Omit the pictures, then reproduce exactly the line bearing "ボクノ 2号店(bokuno) プルッとウルツヤなショートウルフ" and every line after it up to and including the last line of the entries below.
-- DATA FOR REVIEW follows --
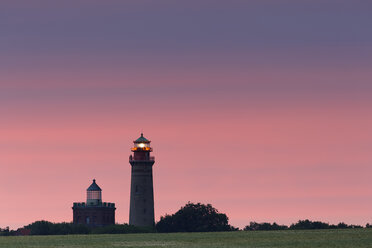Deutschland, Mecklenburg-Vorpommern, Rugen, Schinkelturm und der neue Leuchtturm bei Kap Arkona - GFF00985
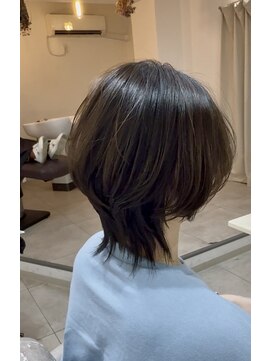 ボクノ 2号店(bokuno) プルッとウルツヤなショートウルフ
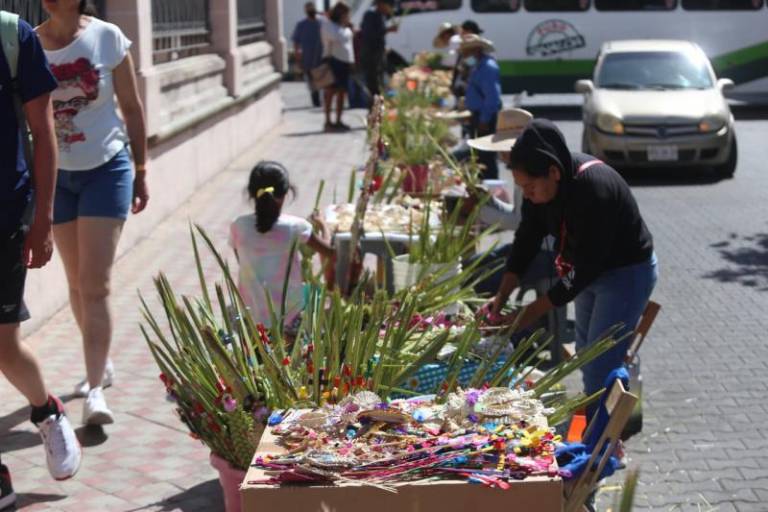 Basilia desde hace 40 años crea con sus manos el arte del tejido de palma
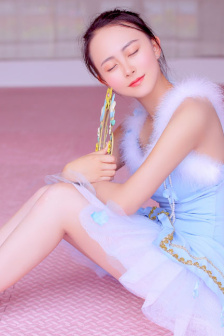 S貨你是不是欠C了公交渺渺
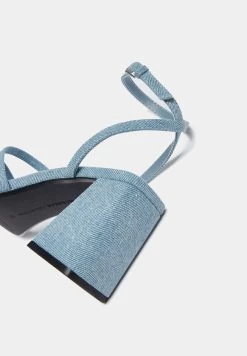 PULL & BEAR Strappy -Heel- Sandalen - Blue Denim -PULL BEAR Winkel a19360f612d8458ba51876b718c1c1b8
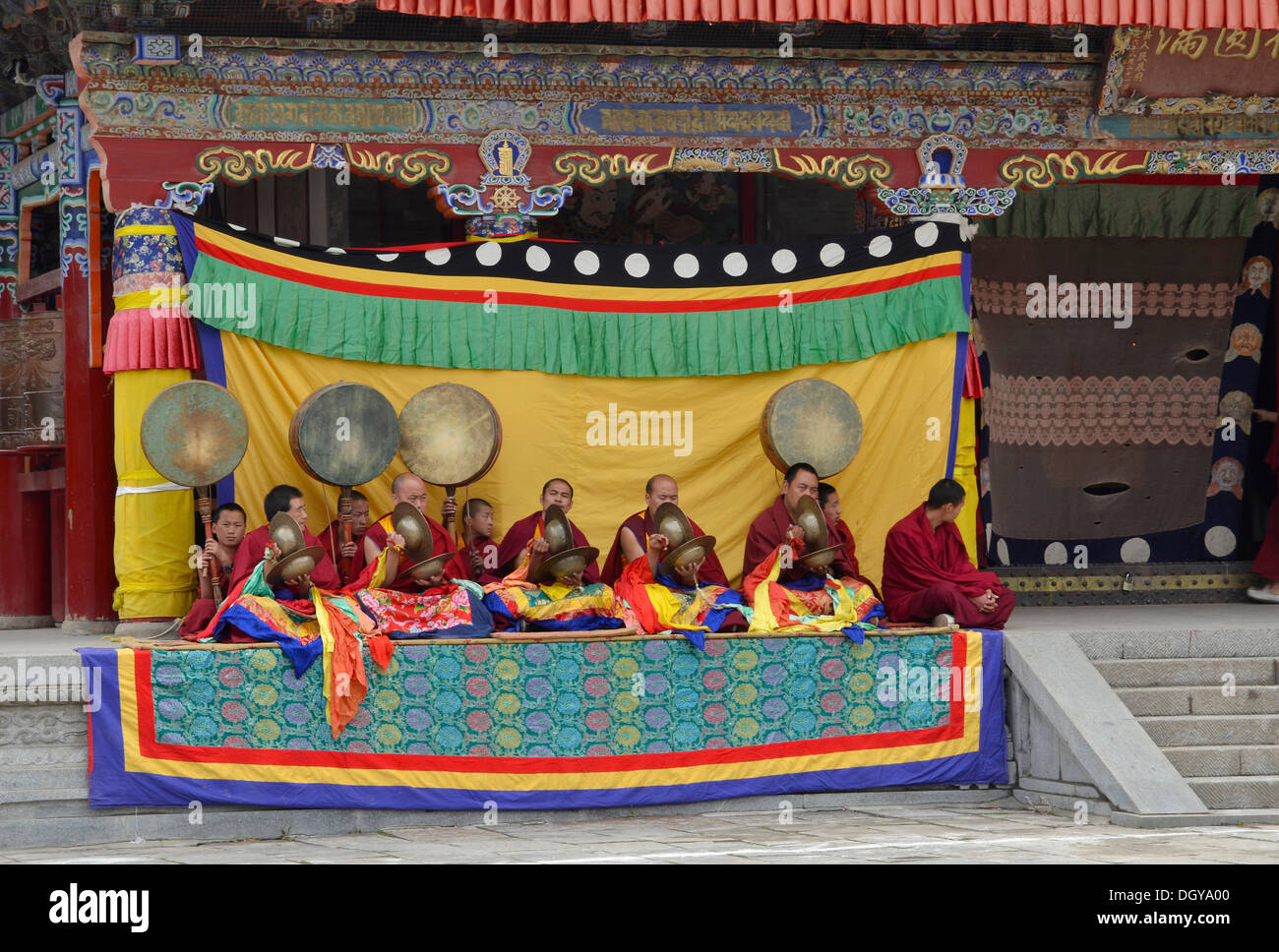 El budismo tibetano, monje orquesta acompañando enmascarados religiosa Cham en el baile, en el importante monasterio Kumbum, Gelug Gelug o-pa Foto de stock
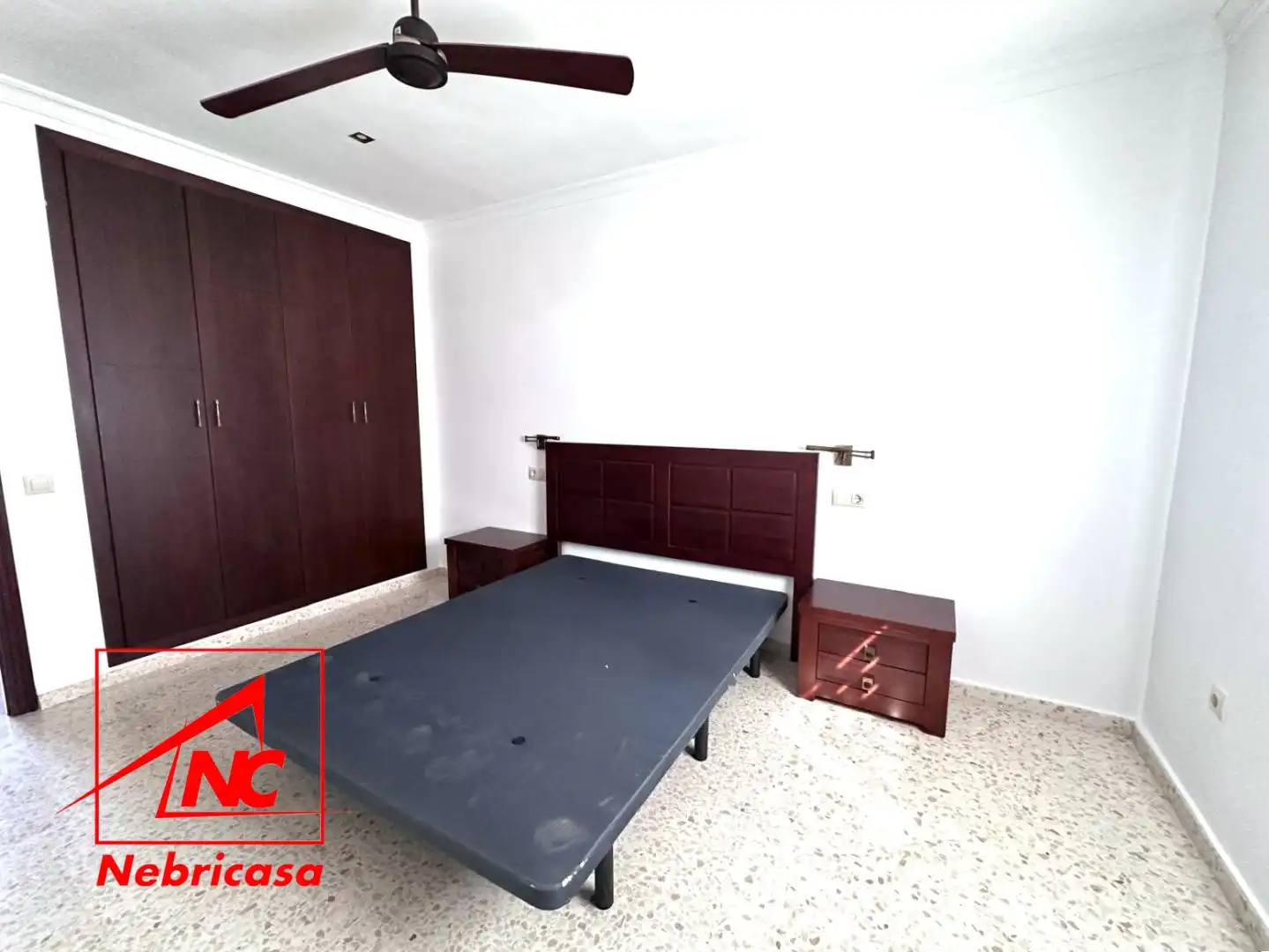 Dormitori de Casa o xalet en venda en Lebrija amb Aire condicionat i Jardí privat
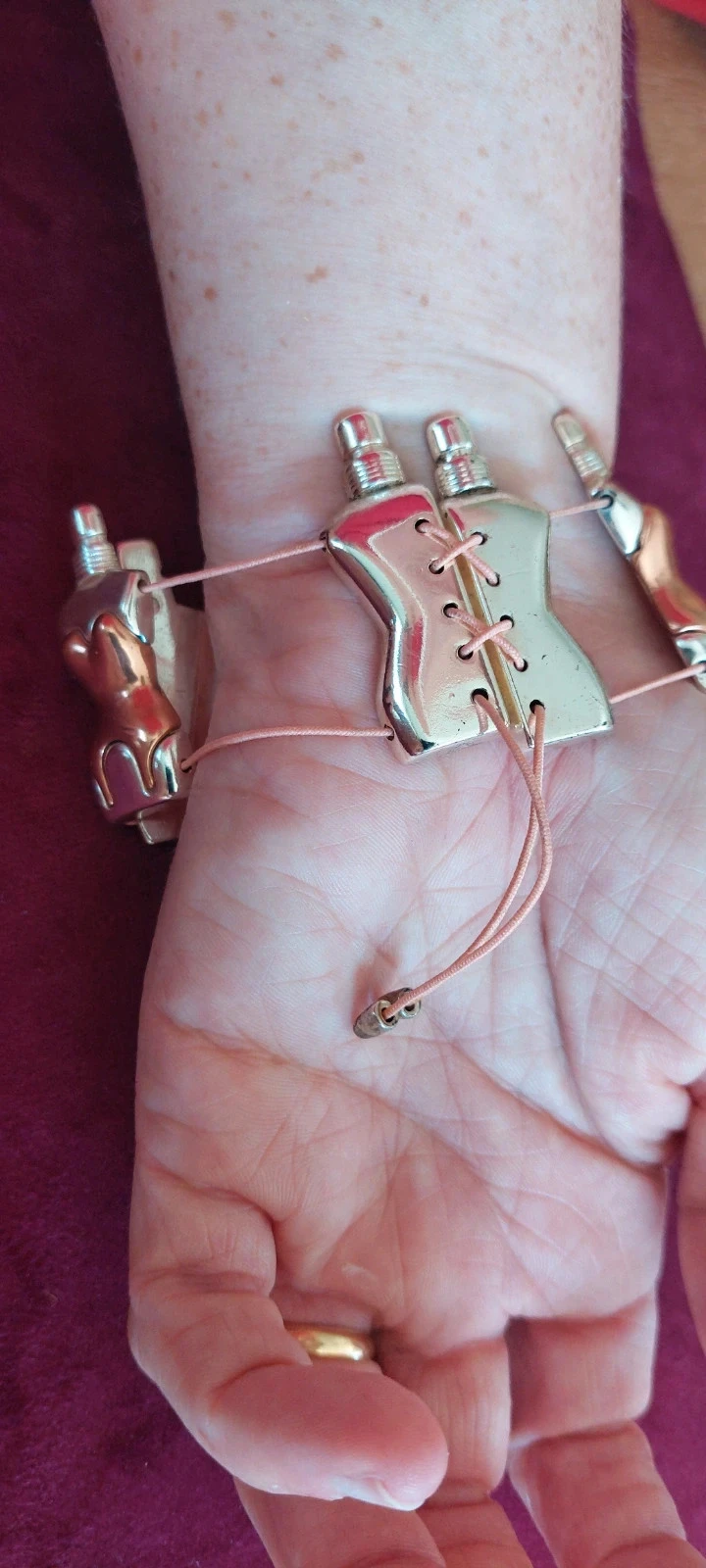 Bracelet Manchette Vintage Jean Paul Gaultier Parfums – Iconique Corset / Buste – photo 6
-- DATA FOR REVIEW concluded --
- TASK SOLUTION:
 ボクノ 2号店(bokuno) プルッとウルツヤなショートウルフ
 Basilia desde hace 40 años crea con sus manos el arte del tejido de palma
 S貨你是不是欠C了公交渺渺
 PULL & BEAR Strappy -Heel- Sandalen - Blue Denim -PULL BEAR Winkel a19360f612d8458ba51876b718c1c1b8
 El budismo tibetano, monje orquesta acompañando enmascarados religiosa Cham en el baile, en el importante monasterio Kumbum, Gelug Gelug o-pa Foto de stock
 Dormitori de Casa o xalet en venda en Lebrija amb Aire condicionat i Jardí privat
 Bracelet Manchette Vintage Jean Paul Gaultier Parfums – Iconique Corset / Buste – photo 6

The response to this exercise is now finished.